# Subs and Drivers Needed Central NJ



## tjlands

Looking for a couple owner/operator subs and possibly a couple drivers.
Northern Ocean County, based in Jackson.
Need to be available 24/7 December thru March.
All commercial work.
Contact me thru here or my website.


----------



## plowin4u

Hi Tim, still interested, we can meet up anywhere in Jackson,i put my phone number in the previous pm's that i sent ya, talk to you soon, thanks Cliff


----------



## tjlands

Cliff
I will call you Monday


----------



## plowin4u

Good talking to you, will get in touch with you very soon, should have one truck available for you.


----------



## tjlands

Still looking....


----------



## plowin4u

Hi Tim, I have been very busy at the shop, will give you a call on mon, should have a truck ready for you, thanks


----------



## tjlands

Still need one more Sub in Jackson, plenty of work.
Contact me here or thru my website
Tim


----------



## Shade Tree NJ

still looking for drivers? [email protected]


----------



## jdilliplane1

have a 99 F250 with western 71/2 plow and as many shovelers/snowblowers as you need. Send me an email. Available for cash work this storm, possibly more in the future waiting on a contract that is supposed to kick in Jan 1st, but maybe i'll just work for you.
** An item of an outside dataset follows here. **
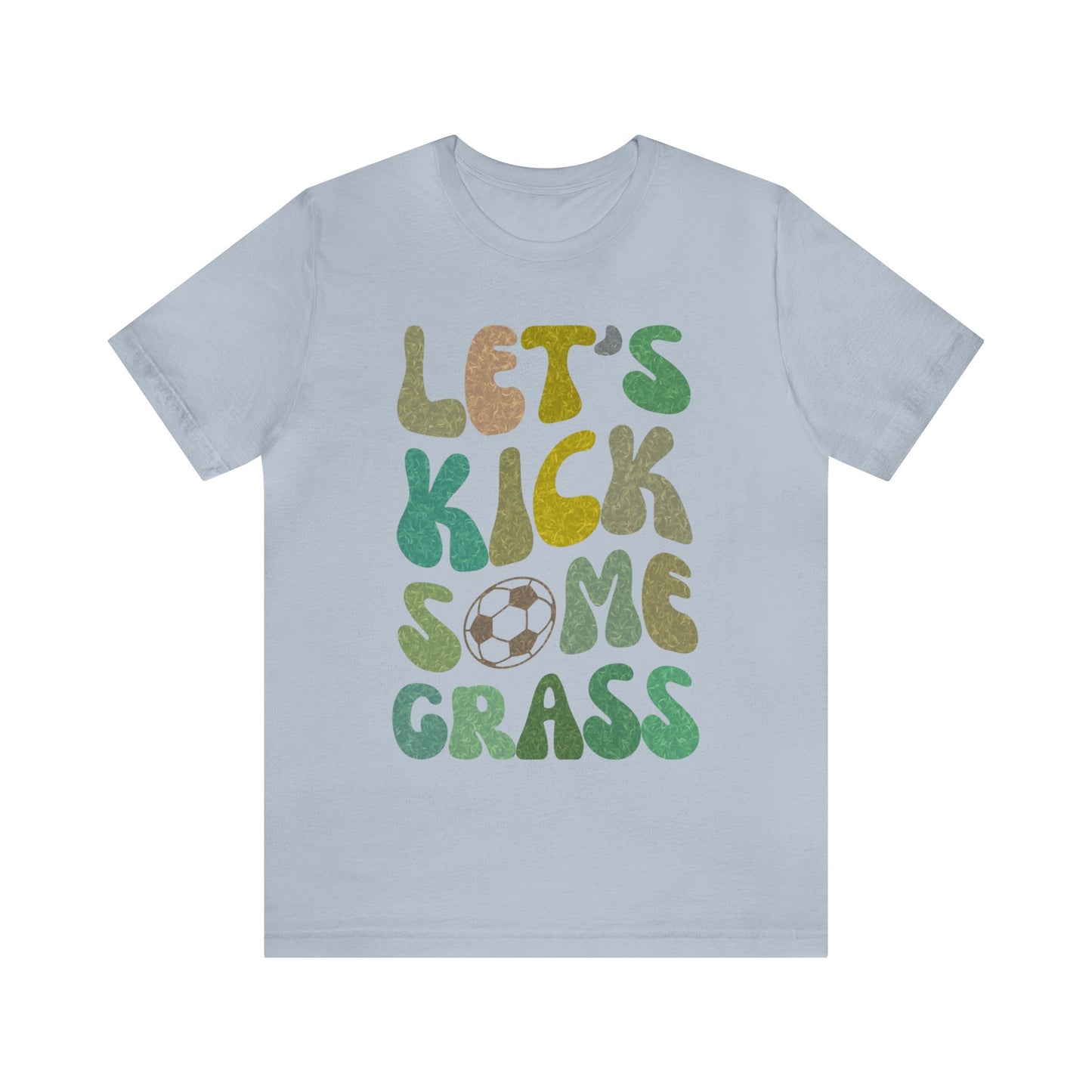 Let's Kick Some Grass Shirt, Sports Women Shirt, Shirt for Soccer Player, Soccer Player Shirt, Soccer Mom Shirt, Game Day Shirt, T1457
Send me an email [email protected]. Available starting tomorrow


----------



## throughthestorm

I have two trucks with plows ready to go, give me a call 
If you need assistance call 410-967-1203


----------



## plowin4u

Just putting this out there, I just began working for Tim this season, and wanted to let everybody know that it's working out great, he pay's very quickly, no b.s. here, good guy to work for, looking forward to giving him more trucks next season. By the way Tim, I may have another truck to send your way, need about another week to try and finish it up.


----------